Friday, November 16, 2018

Less Rubble, More Trouble

Rather than trying to figure out how to use firepower to avoid friendly and civilian losses and to avoid destroying a city to take it, I'd rather figure out when we need to take the entire city and when we can afford to just take key parts of the city--and which parts should that be?

Urban warfare is deadly to the city and its people if they are stuck in it. Unless an attacker is willing to lose a lot of its own troops to take a city, firepower is the only way to take the city. Which destroys it.

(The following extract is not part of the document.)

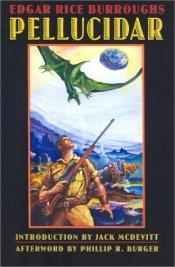 book cover of Pellucidar (Bison Frontiers of Imagination S.) by एडगर राइस बरोज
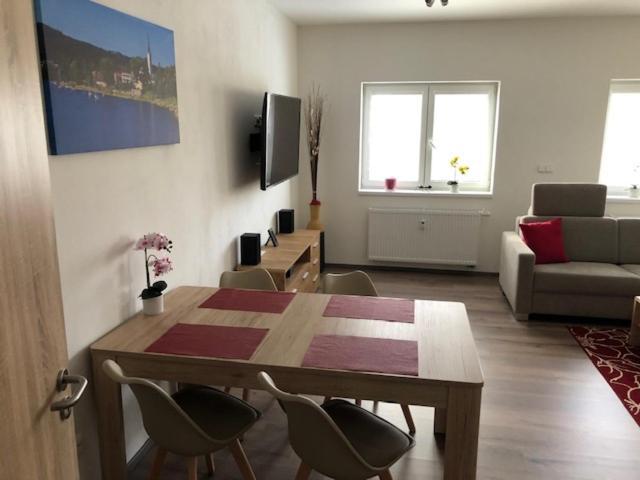 Papeto Apartman Frymburk Kültér fotó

That's the problem in a nutshell of taking a city from an enemy force holding it:

The enemy could be a conventional military force, like the North Korean Army during the 1950 Battle of Seoul or North Vietnamese regulars in the 1968 Battle of Hue. It could be a nonstate paramilitary organization with military training and capabilities, like the Chechen rebels in the battles for Grozny in 1994–1995 and 1999–2000. Or it could be a well-equipped and prepared terrorist organization, like the Islamic State in the battles across Iraq and Syria since 2014. Regardless, the most destructive urban battles usually occur when an enemy force decides to defend from within a city and an opposing force has decided the city must be reclaimed or the enemy eliminated.

We appear to be approaching the problem frontally by trying to avoid destroying a city (mega-cities has been a big buzz word these days) in the context of our campaign objective in the theater in order to save the city.

I'm skeptical we can figure out how to take a city without destroying it from determined defenders and think we should attempt to define what parts of a city we need to take (and likely destroy to avoid needlessly sacrificing friendly troops) in order to avoid destroying the entire city by taking the entire city when we don't need the entire city.

And really, why do we expect to routinely need to fight in cities when our experience since World War II is so sparse?

The few examples include the 1968 Battle of Hue, Panama City in 1993, Baghdad in 2003, Fallujah (twice) in 2004, Ramadi in 2006, and Sadr City in 2008.

And in World War II, the only battles for cities that I can think of that we fought are Aachen and Manila.

Maybe we haven't needed to take (and so destroy) a city that often. Maybe we should spend more time figuring out whether we really need to be able to take an entire city in the future.